Hey all - I'm the release manager for Spark 1.1. Happy to answer any questions a...

hcrisp · on Sept 12, 2014

Good news about the PySpark input format improvements. Does that also cover reading complex Parquet datatypes into SchemaRDDs with their native datatypes? When can we get a Databricks Cloud account (I'm already on the waiting list)?

pwendell · on Sept 12, 2014

Yeah, you can load Parquet data directly into SchemaRDD's in 1.1 and get the type conversion, including use of nested types. That's the long term solution for all of our storage integration is to go through the SchemaRDD API since it's a standard type description and we expect many data sources to integrate there.

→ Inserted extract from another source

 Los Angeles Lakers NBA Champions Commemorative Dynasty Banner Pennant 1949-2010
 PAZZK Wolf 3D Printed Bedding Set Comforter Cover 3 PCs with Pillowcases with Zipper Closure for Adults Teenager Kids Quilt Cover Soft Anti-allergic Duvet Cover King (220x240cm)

Re: databricks cloud - shoot me an e-mail and I'll see if I can help. Right now demand exceeds supply for us on accounts, but I can try!

ambrood · on Sept 12, 2014

Don't the SchemaRDD already support Parquet? Although it'd be great if they supported CSVs.

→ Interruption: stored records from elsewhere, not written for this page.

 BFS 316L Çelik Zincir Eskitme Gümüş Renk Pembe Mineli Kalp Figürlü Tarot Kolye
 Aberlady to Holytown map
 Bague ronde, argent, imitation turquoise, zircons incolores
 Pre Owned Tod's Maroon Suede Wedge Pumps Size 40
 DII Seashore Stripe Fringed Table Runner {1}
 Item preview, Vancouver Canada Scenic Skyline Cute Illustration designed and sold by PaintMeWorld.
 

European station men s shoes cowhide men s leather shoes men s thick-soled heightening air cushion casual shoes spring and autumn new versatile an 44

JoshRosen · on Sept 12, 2014

There's work in progress to support importing CSV data as SchemaRDDs:

https://issues.apache.org/jira/browse/SPARK-2360 https://github.com/apache/spark/pull/1351

century19 · on Sept 12, 2014

Any plans to allow GraphX to work with Spark Streaming DStreams?

pwendell · on Sept 12, 2014

You can call GraphX algorithms right now from within the Streaming API, for instance compute a graph on a windowed view of data.

Online graph algorithms aren't there yet (probably what you mean). We just started adding online MLlib algorithms, so this is the main focus for now.